Important: This package does not include dictionary files. You need to provide your own:

  • System Dictionary: Download from Sudachi releases
  • User Dictionary: Build your own using the CLI tools or provide existing .dic files

Example dictionary paths:

  • system_core.dic - Core system dictionary
  • system_full.dic - Full system dictionary
  • user.dic - User dictionary (optional)

Split Modes

Sudachi provides three tokenization modes:

  • Mode A: Shortest possible segmentation (most granular)
  • Mode B: Medium segmentation (balanced)
  • Mode C: Longest possible segmentation (least granular)

Example with "京都に行きました":

Mode A: 京都|に|行き|まし|た
Mode B: 京都|に|行きました
Mode C: 京都|に行きました

Configuration

Load configuration from a JSON file:

import { loadConfig } from 'sudachi-ts/config/config.js';
import { Dictionary } from 'sudachi-ts/core/dictionary.js';

const config = await loadConfig('./sudachi.json');
const dict = Dictionary.create();

Example sudachi.json:

{
  "systemDict": "system_core.dic",
  "userDicts": ["user.dic"],
  "characterDefinitionFile": "char.def",
  "plugins": [
    {
      "className": "sudachi-ts/plugins/inputText/defaultInputTextPlugin.js",
      "settings": {
        "normalize": true
      }
    }
  ]
}

For non-absolute file references in config (dictionary files, plugin module paths, and built-in plugin file settings), Sudachi-TS tries paths relative to the config file first, then relative to the current working directory.

By default, Sudachi-TS enables a built-in compound-particle lexicon ("enableDefaultCompoundParticles": true) so forms such as かも, のか, and だから are tokenized as single morphemes. Set it to false to disable:

{
  "enableDefaultCompoundParticles": false
}

The default OOV plugin stack also injects counter aliases in numeric contexts, so kana counters such as りんごを1こください。 are analyzed as りんご / を / 1 / こ / ください / 。 with the counter normalized to instead of falling through to unrelated dictionary entries.

Working with Morphemes

Access detailed morpheme information:

const morpheme = result[0];

// Surface form
console.log(morpheme.surface());

// Word forms
console.log(morpheme.dictionaryForm()); // Dictionary form
console.log(morpheme.normalizedForm()); // Normalized form
console.log(morpheme.readingForm()); // Reading form

// Part of speech
console.log(morpheme.partOfSpeech()); // e.g., ["名詞", "固有名詞", "地名", "一般"]

// Word ID and dictionary
console.log(morpheme.wordId());
console.log(morpheme.dictionaryId());

// Morpheme bounds
console.log(morpheme.begin());
console.log(morpheme.end());
console.log(morpheme.length());

// Check morpheme properties
console.log(morpheme.isOov()); // True if out-of-vocabulary

Public Dictionary Access

DictionaryFactory returns a public Dictionary that now exposes stable dictionary metadata APIs without requiring internal imports.

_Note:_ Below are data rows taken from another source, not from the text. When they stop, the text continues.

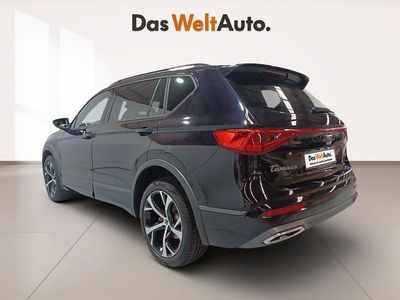 Gris / plata Usado 2024 Seat Tarraco FR SUV | 33.990 € (Precio justo)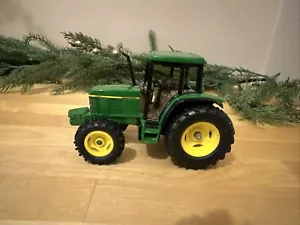 ERTL John Deere 6410 MFWD Utility Tractor 1/32 Scale 5 1/2"L x 3 3/4"W x 3 1/2"H - Picture 1 of 7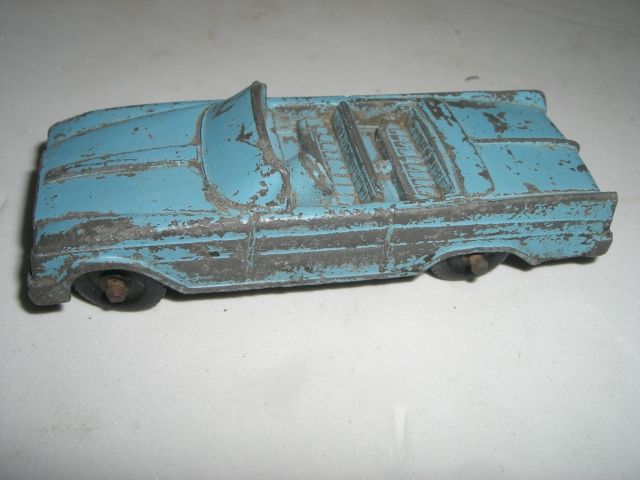tootsie toy car value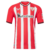 Camisa Athletic Bilbao Home 23/24 - Torcedor - Masculino - Vermelho e Branco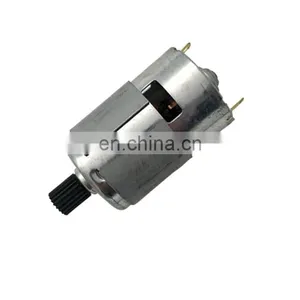Supply High-quality Excavator Parts Motor LRS-775S thumbnail-3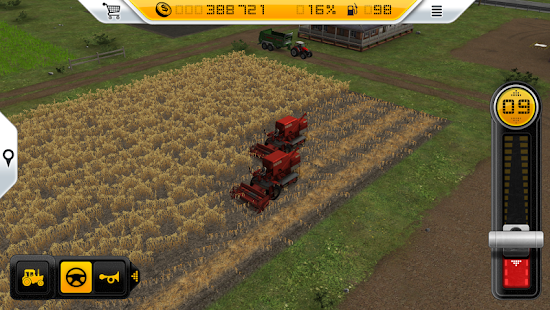 Farming Simulator 14 (Mod Money)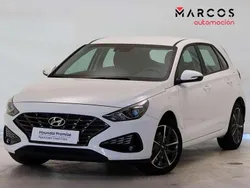 Blanco Usado 2024 Hyundai i30 Utilitario | 17.900 € (Precio justo)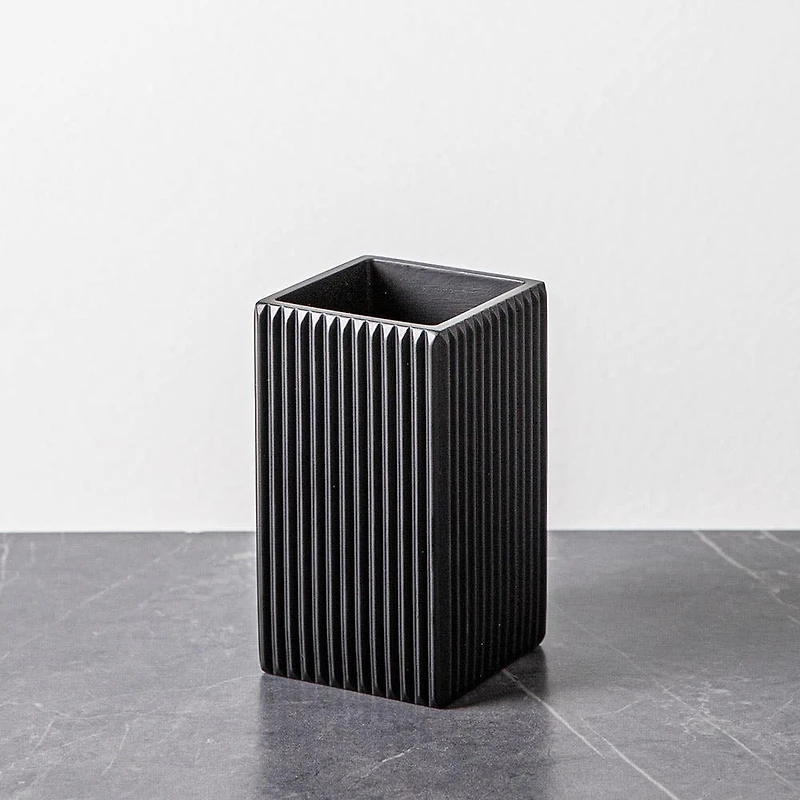 KSP Onyx Resin Tumbler (Black)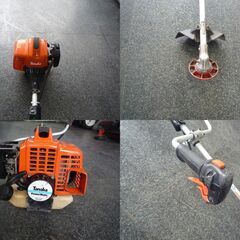 【岐阜発】　◎ 刈払機 タナカ TANAKA / PCG23ECP / 店頭引取大歓迎 / 現物確認大歓迎 / 4107の画像
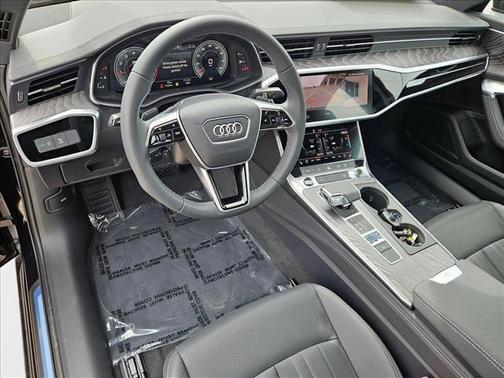 2025 Audi A6 45 Premium Plus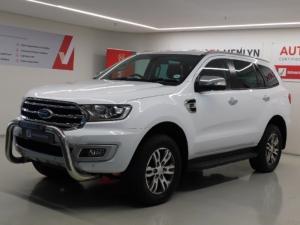 2021 Ford Everest 2.0D BI-TURBO XLT automatic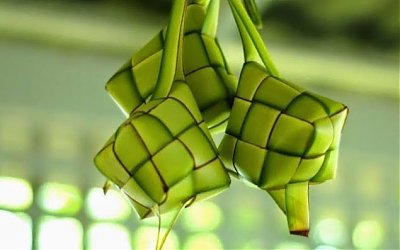 Ucapan Selamat lebaran dalam Perspektif Syariat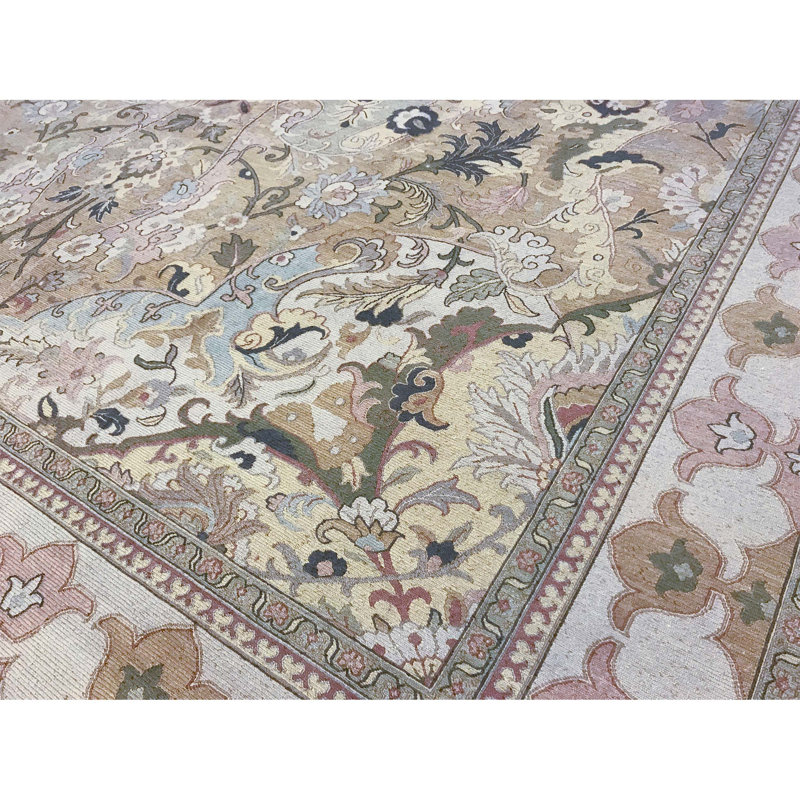 One-of-a-Kind 10'2" X 14' Area Rug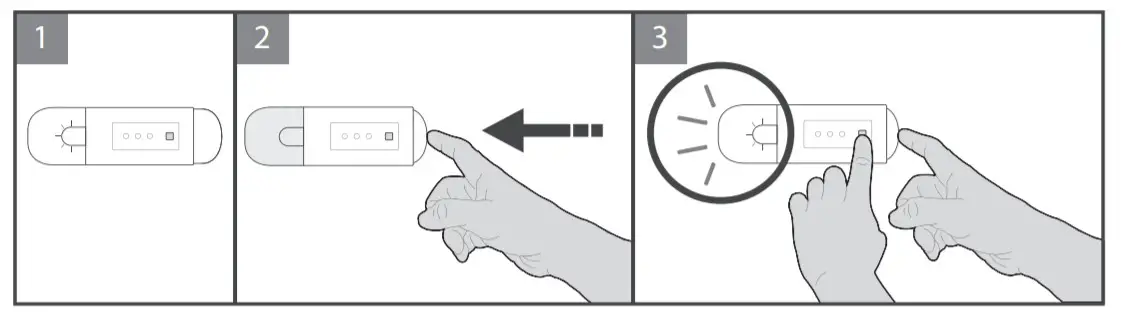 IKEA TINAD Fridge-Freezer Instruction - Leds on2
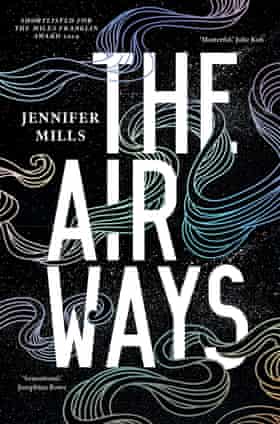 Cover image of The Airways by Jennifer Mills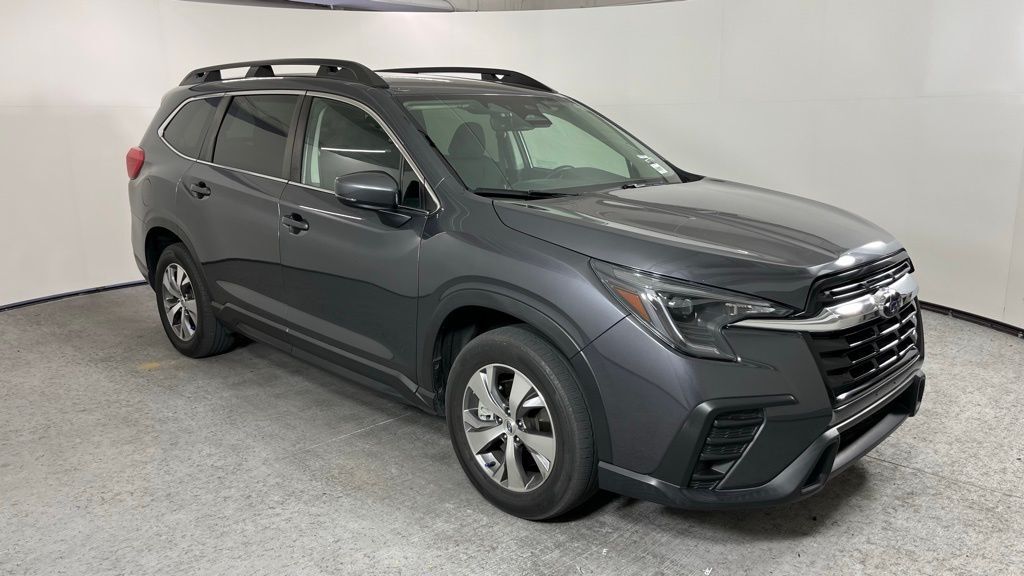 2024 SUBARU Ascent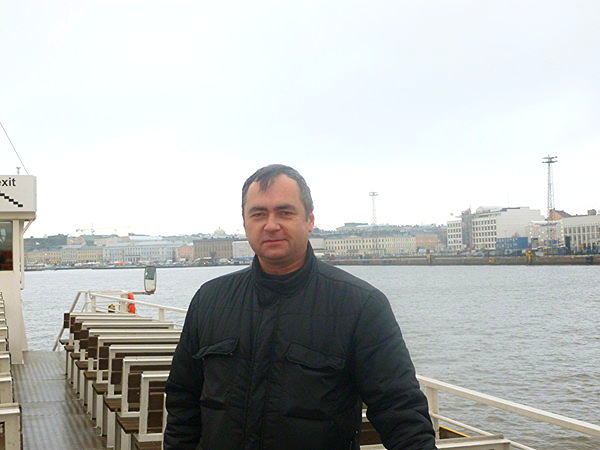 Олег Никишенков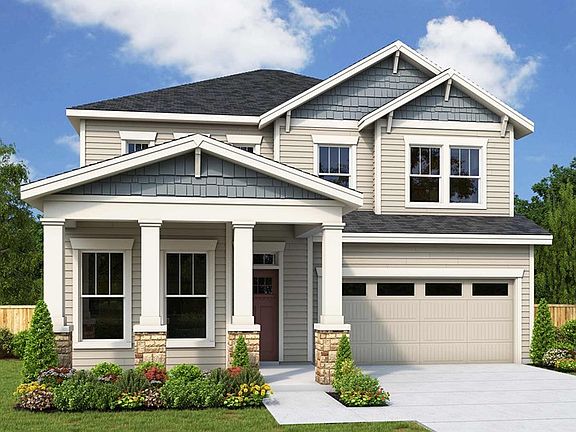 The Parkrose - A Exterior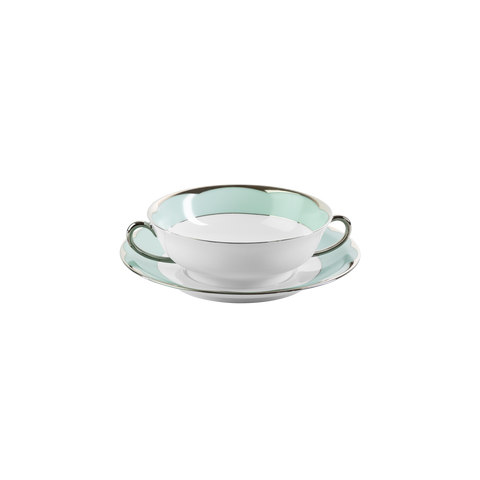 Illusion Soup Cup And Saucer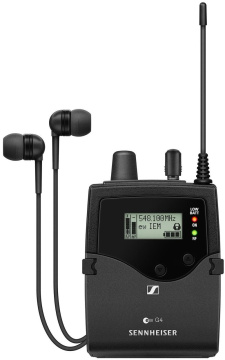 Sennheiser EK IEM G4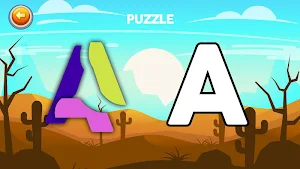 ABC Kids Tracing & Phonics Screenshot 3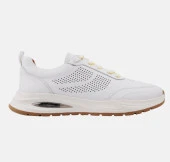 Marcomen 19027 Erkek Hakiki Deri Bağcıklı Casual Atom Ayakkabı - 1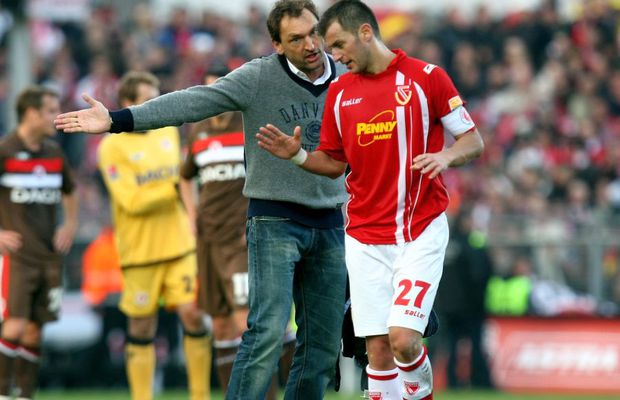 EXCLUSIV Amintirile românului care a jucat în Bundesliga: „Toate capetele s-au întors spre mine. Nu pot explica rușinea pe care am trăit-o”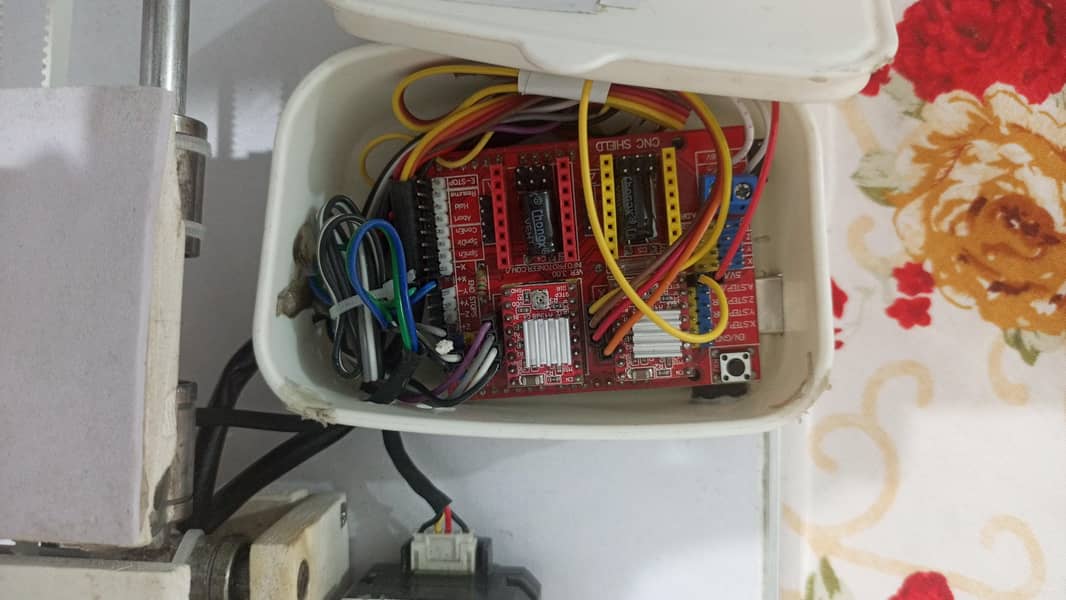 CNC pen plotter ,Writing Machine 5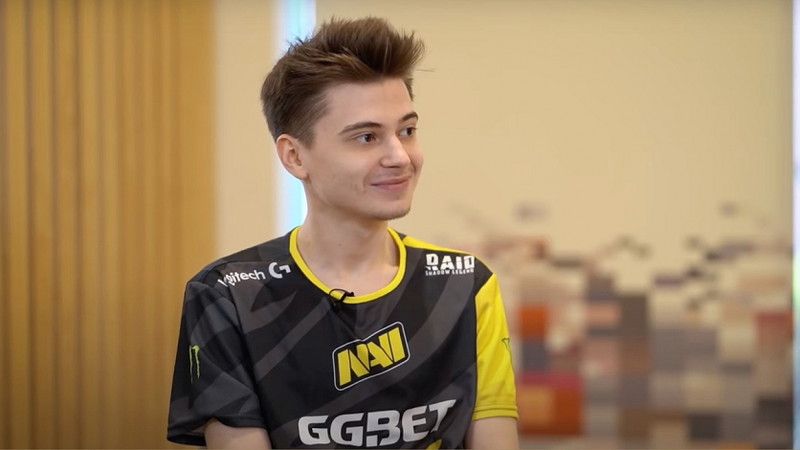 Na'Vi benches entire Dota 2 roster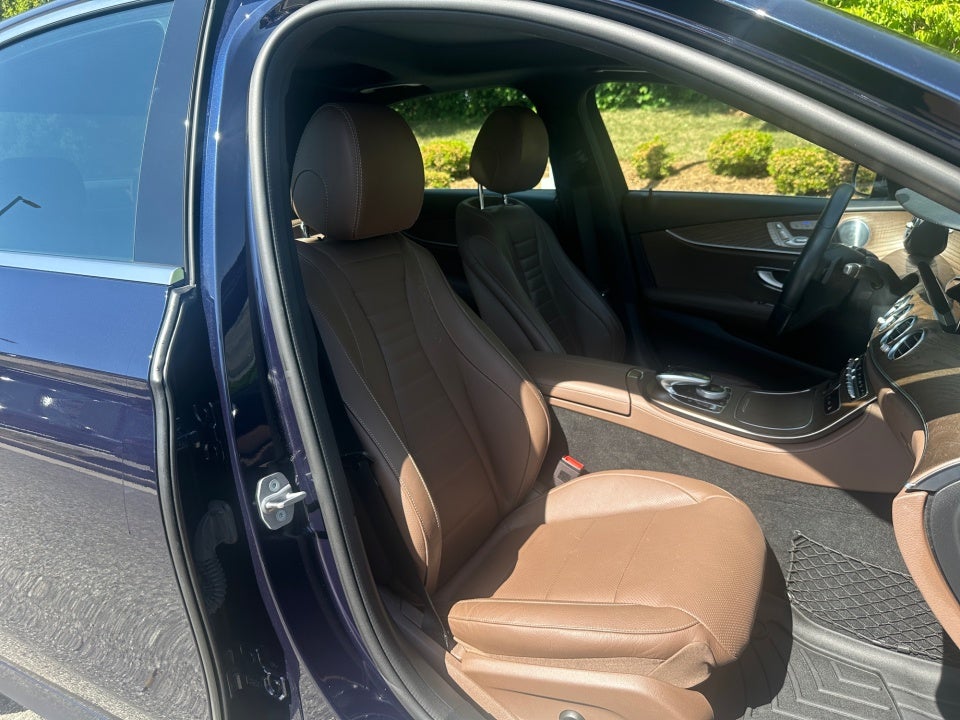 2018 Mercedes-Benz E 300 E 300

import { DictionaryFactory } from 'sudachi-ts';

const dictionary = await new DictionaryFactory().create('./sudachi.json');

const grammar = dictionary.getGrammar();
const lexicon = dictionary.getLexicon();

const kyotoId = lexicon.getWordId('京都', 3, 'キョウト');
const kyotoInfo = lexicon.getWordInfo(kyotoId);

console.log(grammar.getPartOfSpeechString(kyotoInfo.getPOSId()));
console.log(kyotoInfo.getSynonymGroupIds());

When user dictionaries are configured, dictionary.getLexicon() exposes the merged lexicon view used by tokenization, so downstream plugins can look up both system and user dictionary entries through the same public API.

Splitting Morphemes

Use the split method to change granularity:

const result = tokenizer.tokenize(SplitMode.A, '東京都に行きました');
const morpheme = result[0]; // "東京都"

// Split to different modes
const modeAList = morpheme.split(SplitMode.A);
const modeBList = morpheme.split(SplitMode.B);
const modeCList = morpheme.split(SplitMode.C);

Sentence Detection

Process multi-sentence text:

import { SentenceDetector } from 'sudachi-ts/sentdetect/sentenceDetector.js';

const sentences = tokenizer.tokenizeSentences('東京都は日本の首都です。大阪は商業都市です。');

for (const sentence of sentences) {
  console.log('--- Sentence ---');
  for (const morpheme of sentence) {
    console.log(morpheme.surface());
  }
}

tokenizeSentences(...) treats standalone quoted dialogue endings (for example 「...!」) as sentence boundaries, but keeps quoted speech attached to following reporting clauses such as 「...。」と言いました。. It also skips leading inter-sentence whitespace such as newlines before tokenization.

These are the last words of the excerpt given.